Methodology

Survivor ELO Methodology: How SHALLOW Ratings Work

Last updated: 2026-05-22

Survivor Hierarchical Algorithm for Logistic Likelihood & Odds Weighting

SHALLOW is a quantitative rating system for Survivor contestants. It applies the Elo rating methodology—originally developed for chess—to measure strategic and social positioning across all US and Australian Survivor seasons.
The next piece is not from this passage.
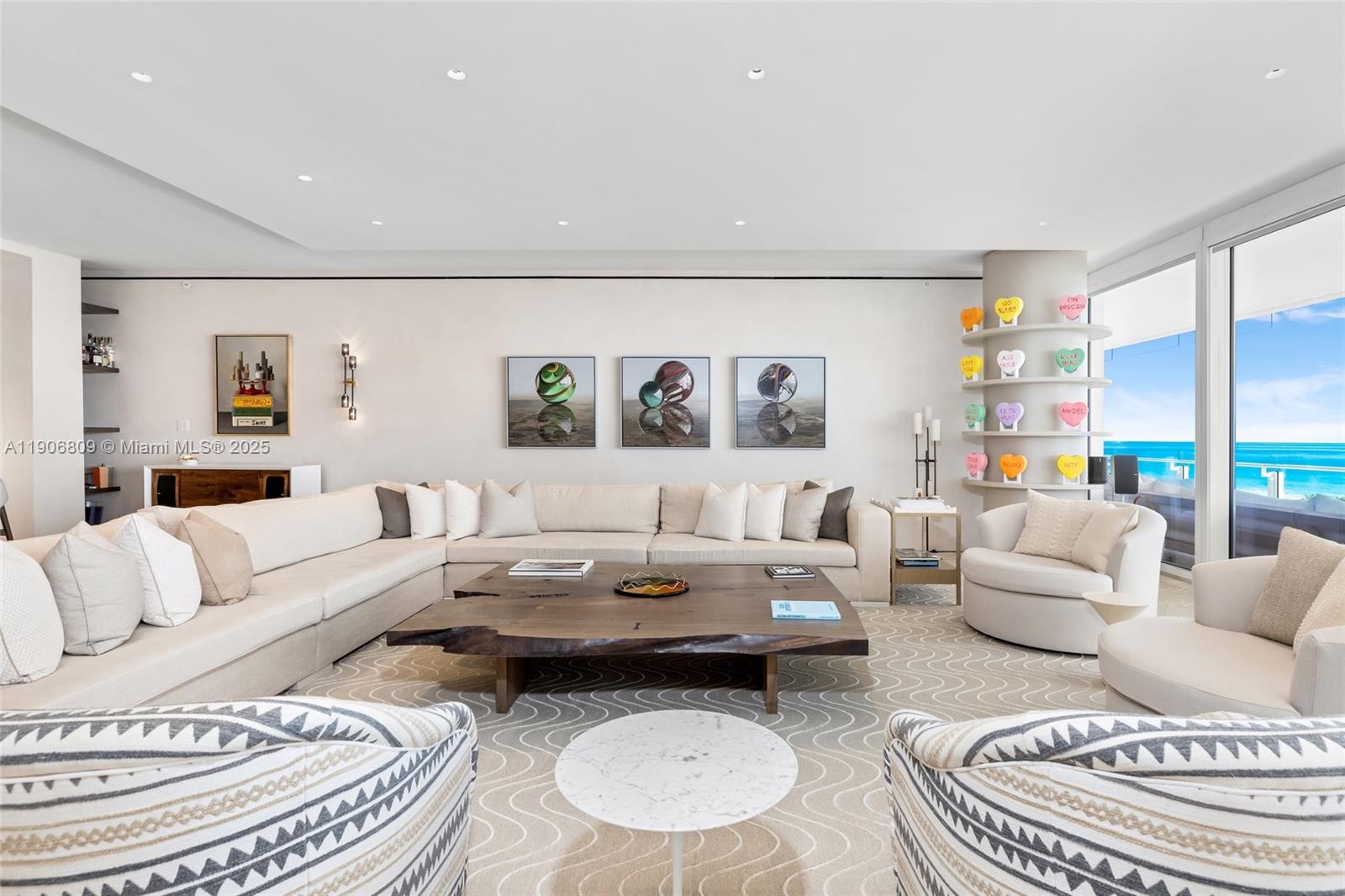 SURF CLUB CONDO - Residential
What SHALLOW Measures Directly

Vote Accuracy (Outwit) At each tribal council, players who vote for the eliminated contestant are considered "correct." Players who vote elsewhere, have their votes nullified, or are themselves eliminated are considered "incorrect." Each correct voter is matched against each incorrect voter in a pairwise comparison. Correct voters gain rating points; incorrect voters lose them. This captures the essence of strategic positioning: being on the right side of the vote requires social awareness, alliance management, and information gathering. Being on the correct overall side of a split vote is considered "correct," even if you did not write down the name of the player who went home.
Survival (Outlast) Players who survive a tribal council gain rating points against the eliminated player. Only players present at the tribal compete—pre-merge, only your tribe receives credit for an elimination. This captures the fundamental objective of Survivor: lasting longer than other players.
Final Tribal Council Jury votes are processed as head-to-head matchups between finalists. Each jury vote for a player creates a "win" against each finalist who did not receive that vote. This structure naturally dampens "goat" ratings. A player who reaches Final Tribal Council but receives zero jury votes will lose matchups to every other finalist for every jury vote cast. Strong finalists who earn jury respect gain rating points; passengers who were carried to the end lose them.
Fire-Making Challenges Final four fire-making challenges are direct head-to-head Elo matchups between the two competitors.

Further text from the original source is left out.